= Tony Wong (engineer) =

Tony Wong (born 12 March 1959) is an Australian engineer and academic known for his work in sustainable urban water management, water sensitive cities, and informal settlement revitalization. He is Professor of Sustainable Development at Monash Sustainable Development Institute. He is an elected Fellow of the Australian Academy of Technological Sciences and Engineering and the recipient International Water Association's Global Water Award.

== Education and career ==
He completed a Bachelor of Engineering (Hons) in Civil Engineering at Monash University in 1981, followed by a PhD in Water Resources Engineering from the same university in 1984.

Wong began his professional career at GHD Pty Ltd in 1985 as a hydrology and hydraulics engineer and later joined Monash University in 1991 as a senior lecturer. He became an associate professor and was later promoted to professor, serving as Head of Water Engineering and Research Program Leader.

In 2002, he became Chief Executive Officer of the Facility for Advancing Water Biofiltration and Director of Ecological Engineering Pty Ltd.

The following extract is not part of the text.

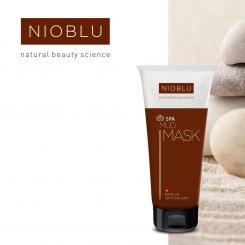 SPA Schlammmaske für Gesicht und Körper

From 2007 to 2010.

From 2010 to 2021, Wong served at Monash University as Chief Executive of the Centre for Water Sensitive Cities and later the Cooperative Research Centre for Water Sensitive Cities (CRCWSC).

== Research and scholarly works ==
Wong’s research has focused on urban hydrology, stormwater quality management, and sustainable urban water systems. He edited technical references, including Australian Runoff Quality: A Guide to Water Sensitive Urban Design, and conducted studies on urban stormwater treatment modelling and ecological engineering applications.

His later scholarship developed the concept of the water sensitive city.

Wong’s recent research has examined interdisciplinary urban sustainability challenges, including circular economy transitions, river restoration, climate adaptation, and the relationship between urban water systems, public health, and planetary health.

== Awards ==
He received the International Water Association Global Water Award in 2018. He was named Civil Engineer of the Year by Engineers Australia in 2010 and elected Fellow of the Australian Academy of Technological Sciences and Engineering in 2014.